Synthesis of selenide 5 with PhSO2SeAlkyl

In a glovebox, an oven-dried screw-capped 8-mL vial equipped with a magnetic stir bar was charged with NiBr2 (3.3 mg, 0.015 mmol), neocuproine (L5, 4.6 mg, 0.0225 mmol), and Mn powder (24.8 mg, 0.45 mmol). DMF (0.5 mL) was added via syringe and the mixture was stirred at room temperature for 10 min. The alkyl bromide A (0.33 mmol) was added, followed by the addition of alkyl-selenosulfonate B (0.3 mmol) in one portion. Additional DMF (1.0 mL) was subsequently added via syringe.

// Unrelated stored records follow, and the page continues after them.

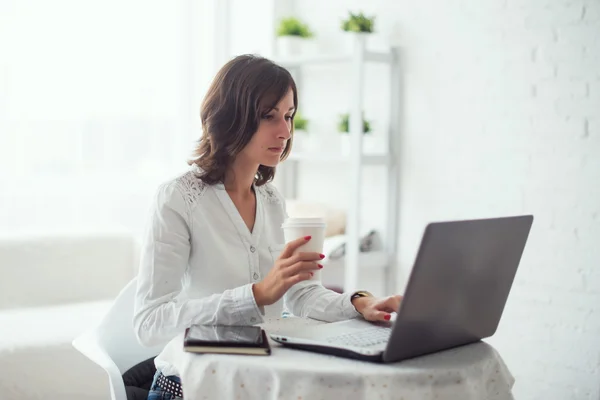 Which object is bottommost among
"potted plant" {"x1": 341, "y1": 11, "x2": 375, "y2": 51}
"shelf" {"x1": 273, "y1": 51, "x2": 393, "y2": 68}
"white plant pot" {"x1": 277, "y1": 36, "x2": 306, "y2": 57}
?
"shelf" {"x1": 273, "y1": 51, "x2": 393, "y2": 68}

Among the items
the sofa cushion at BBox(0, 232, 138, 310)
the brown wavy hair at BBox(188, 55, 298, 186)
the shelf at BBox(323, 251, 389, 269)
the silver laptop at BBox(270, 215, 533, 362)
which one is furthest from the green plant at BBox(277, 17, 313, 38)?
the silver laptop at BBox(270, 215, 533, 362)

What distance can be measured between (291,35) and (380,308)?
2.68m

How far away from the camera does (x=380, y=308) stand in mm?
1642

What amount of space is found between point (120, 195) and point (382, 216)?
4.62 feet

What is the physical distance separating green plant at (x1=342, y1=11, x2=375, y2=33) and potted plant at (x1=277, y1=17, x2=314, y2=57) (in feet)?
1.62

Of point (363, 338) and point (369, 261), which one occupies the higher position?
point (363, 338)

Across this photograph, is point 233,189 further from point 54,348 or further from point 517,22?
point 517,22

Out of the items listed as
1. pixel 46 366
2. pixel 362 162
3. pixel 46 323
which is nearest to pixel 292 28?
pixel 362 162

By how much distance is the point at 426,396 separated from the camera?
130 centimetres

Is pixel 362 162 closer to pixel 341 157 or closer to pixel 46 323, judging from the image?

The resulting solution was stirred for 12 h at 30 °C. After this time, the crude reaction mixture was diluted with ethyl acetate (100 mL) and washed with water (20 mL × 3). The organic layer was dried over Na2SO4, filtered, and concentrated. The residue was purified by flash chromatography.

Data availability

The authors declare that the main data supporting the findings of this study are available within the article and its Supplementary Information files. Additional data are available from the corresponding authors upon request.